Das nachfolgende Kapitel „Kräuter und Gewürze“ wird mit dem Lied Du lehrst uns kennen die Natur aus dem Liederhort Deutscher Jungdrogisten von 1908 eingeleitet, das den Arbeitsalltag der Drogisten anschaulich macht (S. 27). Die Lieder dieses Kapitels haben „Rosmarin und Salbeiblätter“ (S. 28), „Petersill un Suppenkrut“ (ebd.), Waldbeeren und Brennnesseln zum Inhalt und zeigen ebenso wie die des vorangegangenen Kapitels die metaphorische Bedeutung von Pflanzen im Zusammenhang mit Liebe und Heirat. Ganz anders das Spaßlied Das Rizinus (Melodie: O Tannenbaum), in dessen hier gebotener Strophe die abführende Wirkung des Öles besungen wird (S. 30; eine weitere Nonsens-Strophe dieses Spaßliedes gibt Hinze im Lexikon, S. 116).

Etwas umfangreicher ist das Kapitel „Gemüse und Obst“. Hier kommt vor allem die Kartoffel zu Wort, heute ein wichtiges Nahrungsmittel der Europäer. Zunächst war die Knolle als „Teufelswurzel“ verfemt und fand erst gut 200 Jahre nach ihrer Einführung aus Südamerika größere Akzeptanz - in Preußen per „Kartoffelbefehl“, den Friedrich der Große 1757 erließ (S. 137ff.).
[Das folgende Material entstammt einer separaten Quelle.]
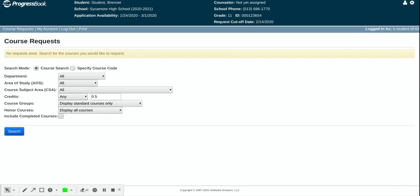Once you log in, you are going to come to a page that looks like this. It has your course requests. Mine currently says no requests exist. That is exactly what we want.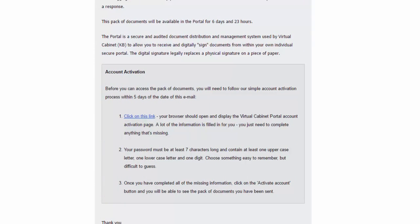Simply read through the instructions in the email and click the link titled Click on this link.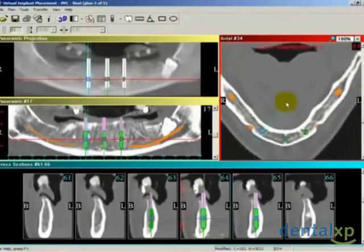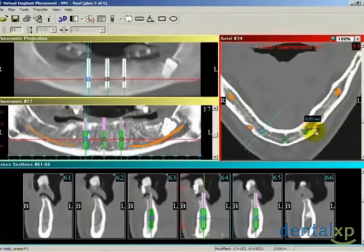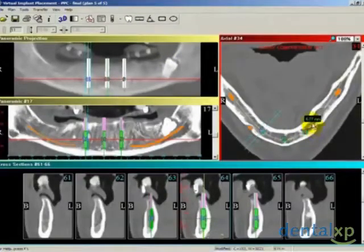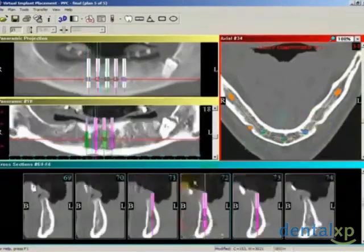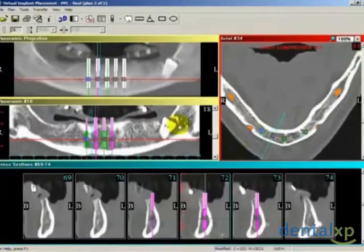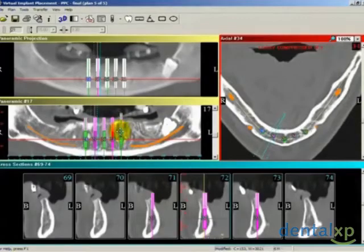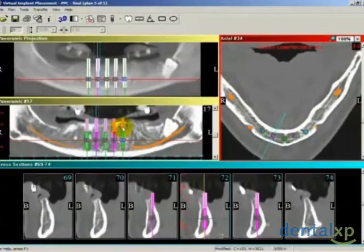Measuring tools accurately determine distances, angles, areas, and average densities. A ruler tool is used to gauge the edge of the implant from the mental foramen. In selecting the 2.2 millimeter implants, you will notice the manufacturer's default color differs from the 3.25 millimeter implant previously placed.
Während Herbei, herbei zu meinem Schatz das bekannte, von dem schwäbischen Dorfschullehrer und Dichter Samuel Friedrich Sauter getextete Kartoffellied, ein Lobpreis der nahrhaften Kartoffel ist (S. 34, Melodie: Kein besser Leben ist fürwahr), spiegeln die Lieder um die „Kartoffelsupp“ die Armut der Menschen, die diese Einheitsnahrung tagtäglich zu sich nehmen mussten. Andere in diesem Kapitel besungene Gemüse sind Bohnen, Sauerkraut sowie Braun- und Blumenkohl, unter den Obstpflanzen kommen der Apfelbaum und die Brombeeren zu ihrem Recht, Letztere im bekannten Lied von der Brombeerpflückerin, wobei das Bild der gepflückten Brombeere den Verlust der Jungfräulichkeit umschreibt (S. 39).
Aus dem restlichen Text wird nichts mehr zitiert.